TaraKizer · August 15, 2016, 10:39pm

It sounds like you are referring to an identity column. The column is only an IDENTITY in the parent table. In the child table, it is NOT an identity column, so it doesn't matter how many rows are in either table. The child table may have its own identity column, but it's not the same column as the one mapped to the parent table. These are two different columns in the child table. The mapping between the tables is the same value: 1 maps to 1, 10 maps to 10.

dean · August 16, 2016, 6:56am

Hi Tara,

Are you saying each dimension can have its own identity column and it does NOT matter how many rows are in each one? and the fact table has no identity column but pulls in all the identity surrogates keys from each dimension? if this is so, and if the dimension tables have a different number of rows they would be out of sync on the fact table? for example one dimension only has a list of customers. Or does it not matter about the order of the identity columns in the fact table as linking the rows by the business key sorts the order of the records?

TaraKizer · August 16, 2016, 4:51pm

I can't specifically answer for dimension tables or SSAS. My answer is just in regards to how identity columns work in the parent and child tables. The order of the columns in a table doesn't matter.

Here's an example, I didn't take the time to add PK or FK constraints:

create table Parent (ParentID int identity(1, 1), name varchar(50));
insert into Parent (name) values ('Tara'), ('Dean'), ('Samuel');

create table Child (ChildID int identity(1, 1), column2 int, column4 varchar(10), column3 int, ParentID int);
insert into Child (column2, column4, column3, ParentID) values (24, 'test1', 5, 1), ( 999, 'test2', 0, 3), (8765, 'test3', 1999, 3), (77777, 'test4', 22, 3);

select * from Parent;
select * from Child;
select * from Parent join Child on Parent.ParentID = Child.ParentID;

drop table Parent, Child

ParentID is how these two tables are linked.
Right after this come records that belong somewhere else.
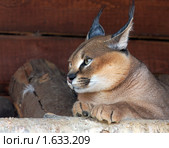 Каракал, пустынная (степная) рысь (лат. Caracal caracal) Стоковое фото, фотограф Михаил Борсов / Фотобанк Лори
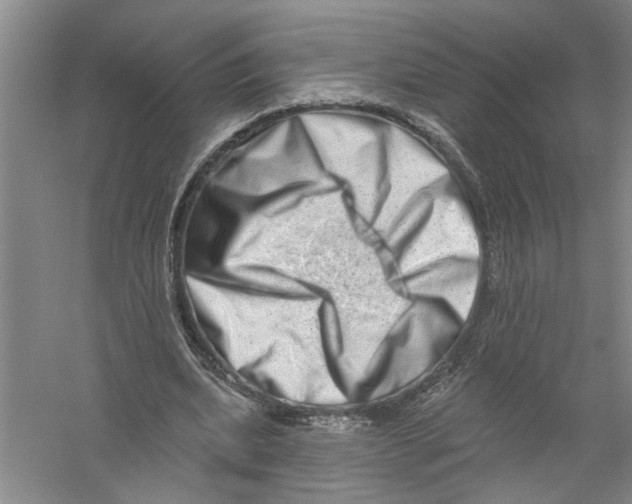 X0000056370439200509232202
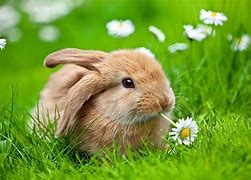 Image result for Cute Swett Little Bunny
Doesn't matter how many rows are in the Child table, ParentID still links up to a row in the Parent table via the ParentID column in both tables.
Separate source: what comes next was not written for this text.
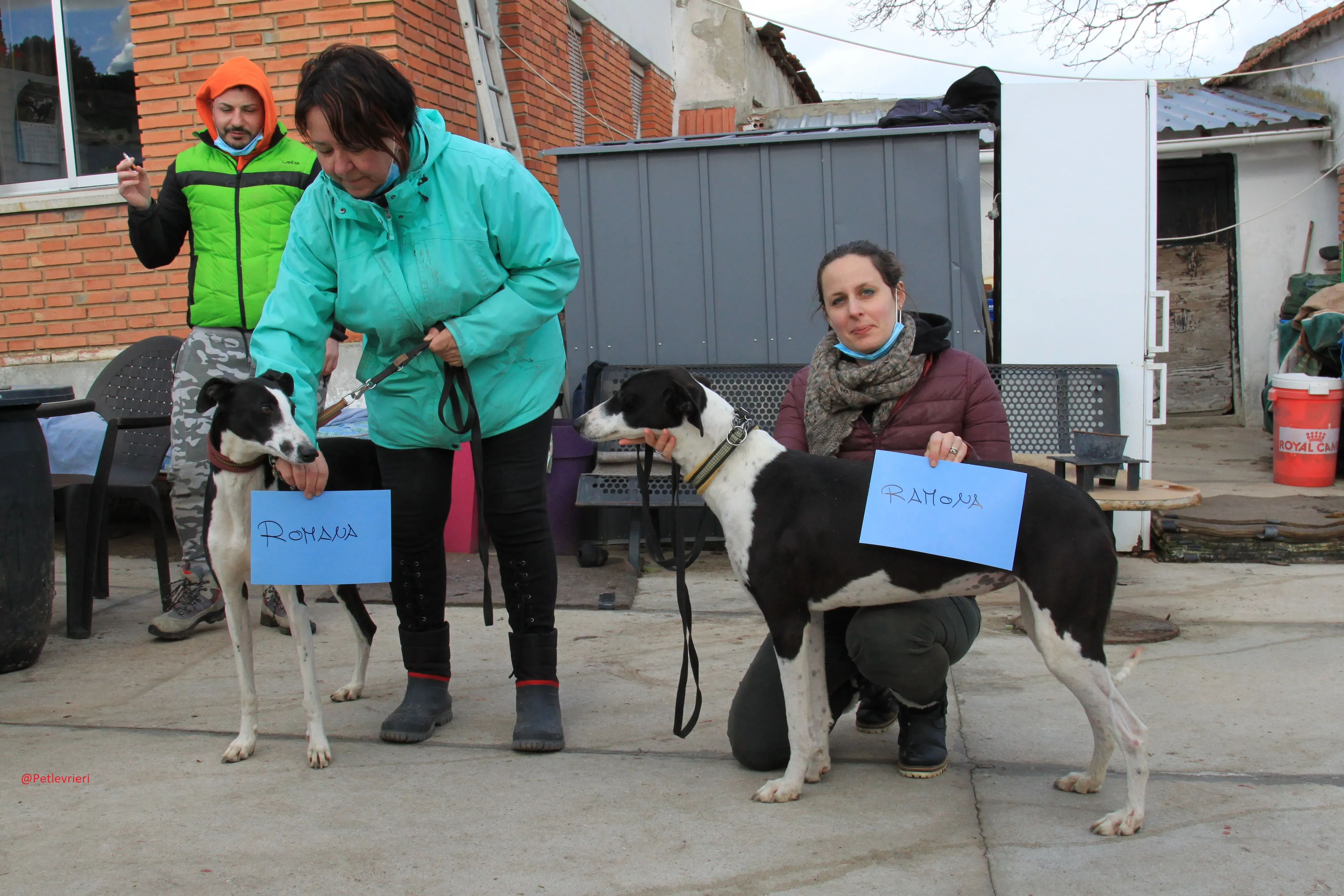 Romana adozione levrieri galgo 07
dean · August 20, 2016, 12:34pm

Thanks for taking the time to explain, I understand that.

Does this makes sense to you?

Is it better to load the fact table from the dimension tables, so populate the dimensions with all records from DW and load fact with same records from those dimensions using joins.

2.Or is it better to have the dimensions only contain the main attributes (not actual records) in a list format, so say 10 rows for customer dimension and 20 rows for products in product dimension, then load the fact table from the DW and not the dimension(s).

From what I can see both ways will work although point 1 would mean adding all the records to the dimensions first then select across to the fact table which would be overkill??

And point 2 would be in effect just lists of unique customers, products...with a business key in each to point back to the fact.